Closed kuskmen closed 1 year ago
What are the _client.QueryPolicyDefault
values (include base class Policy values like socketTimeout and totalTimeout)?
How long does the query usually take to run in the old client?
C# client 5.2.1 had a bug where async queries prematurely timed out and OnSuccess()/OnFailure() was never called, but that was fixed in 5.2.2. Ensure that you are using 5.2.2.
@BrianNichols
_client.QueryPolicyDefault
is the default policy coming from the client, so my assumption is
https://github.com/aerospike/aerospike-client-csharp/blob/master/Framework/AerospikeClient/Policy/QueryPolicy.cs#L114 this.
I am sure that we are on 5.2.2 client version. (btw ever since we updated from 4.2.0 to 5.2.2 we noticed that we have intermittent timeout exceptions for all our aerospike requests from this service, funny enough those timeouts do not appear in Aerospike metrics when I look for them)
I haven't measured how long it takes a query to run using the old but currently, they take between 100-300ms according to our application metrics.
@kuskmen When you downgraded the client to restore the query functionality, did you downgrade the server as well or did you leave the server at 6.X?
Server 6.X does de-duplicate records in queries.
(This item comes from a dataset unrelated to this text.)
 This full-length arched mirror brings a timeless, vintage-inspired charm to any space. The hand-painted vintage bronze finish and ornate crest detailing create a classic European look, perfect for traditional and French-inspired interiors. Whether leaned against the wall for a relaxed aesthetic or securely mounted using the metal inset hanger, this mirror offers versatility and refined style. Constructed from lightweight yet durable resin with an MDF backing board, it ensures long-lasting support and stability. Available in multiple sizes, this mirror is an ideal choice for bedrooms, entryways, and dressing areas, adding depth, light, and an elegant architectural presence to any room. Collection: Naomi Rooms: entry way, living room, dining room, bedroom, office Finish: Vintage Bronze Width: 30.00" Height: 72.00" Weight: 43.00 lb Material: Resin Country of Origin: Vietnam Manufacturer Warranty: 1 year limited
The raw count of returned records may be less in 6.X because some of those records might be duplicates.
No, we have not downgraded the server? What do you mean de-duplicate records? Each of them has their own respective PK or am I missing something? Could you elaborate more?
Secondary index range queries on map/list (like Filter.Contains()) can result in the exact same key and record being returned multiple times due to the range traversal algorithm on the secondary index. Server 6.X makes a stronger effort to detect and eliminate duplicate keys/records in the query results.
Since you left the server at 6.X and only downgraded the client, this is not the reason for the less than expected number of records returned.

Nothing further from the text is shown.